Security Advisory WSO2-2019-0653

Published: December 02, 2019

Severity: High

CVSS Score: 8.1 (CVSS:3.0/AV:N/AC:H/PR:N/UI:N/S:U/C:H/I:H/A:H)


  • WSO2 API Manager
  • WSO2 API Manager Analytics
  • WSO2 Enterprise Integrator
  • WSO2 IS as Key Manager
  • WSO2 Identity Server
  • WSO2 Identity Server Analytics


A potential improper authorization vulnerability has been identified with TenantMgtService.


TenantMgtService allows an unauthorized user to register tenants.


Successful exploitation of this vulnerability would lead to a wide range of attacks, including sensitive information exposure, denial of service and phishing attacks.

However, the impact is significantly reduced if WSO2's recommendation of blocking '/services' path, as mentioned in our Security Guidelines for Production Deployment, has been already applied. In that case, it would not be possible for outside attackers to access TenantMgtService and exploit this vulnerability.


For latest versions of affected products

Apply the following patches based on your product version by following the instructions in the README file. If you have any questions, post them to

Download the relevant patches based on the products you use following the matrix below. Patches can also be downloaded from Security Patch Releases.

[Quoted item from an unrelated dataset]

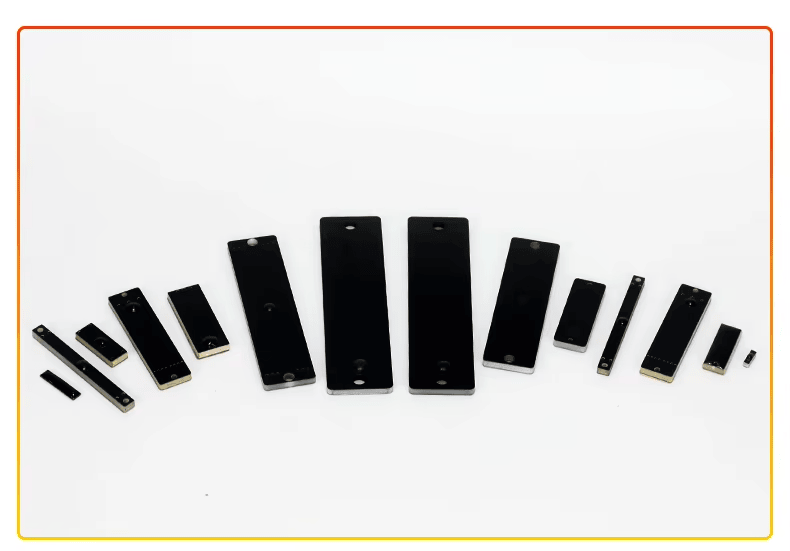PCB RFID-tag til metal med lang læseafstand vist med tydeligt indgraveret logo.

Code Product Version Patch
APIM WSO2 API Manager 2.6.0 WSO2-CARBON-PATCH-4.4.0-5263
EI WSO2 Enterprise Integrator 6.5.0 WSO2-CARBON-PATCH-4.4.0-5253
IS KM WSO2 IS as Key Manager 5.7.0 WSO2-CARBON-PATCH-4.4.0-5263
IS WSO2 Identity Server 5.8.0 WSO2-CARBON-PATCH-4.4.0-5253


If you are a WSO2 customer with a support subscription, use WSO2 Update Manager (WUM) updates in order to apply the fix. This patch is intended for WSO2 community (free) users.

For other products

Upgrade the products to the latest released version, which is not affected by this vulnerability.

In addition to the above-mentioned solution, we strongly recommend you to follow the below actions in order to ensure the security of your production environment:

  1. Check whether there are any suspicious tenants created. If so, take the necessary steps to deactivate them. You can check the tenants in the system and deactivate rogue ones by accessing the Management Console of the product (usually at https://:/carbon) and navigating to 'Home > Configure > Multitenancy > View Tenants'.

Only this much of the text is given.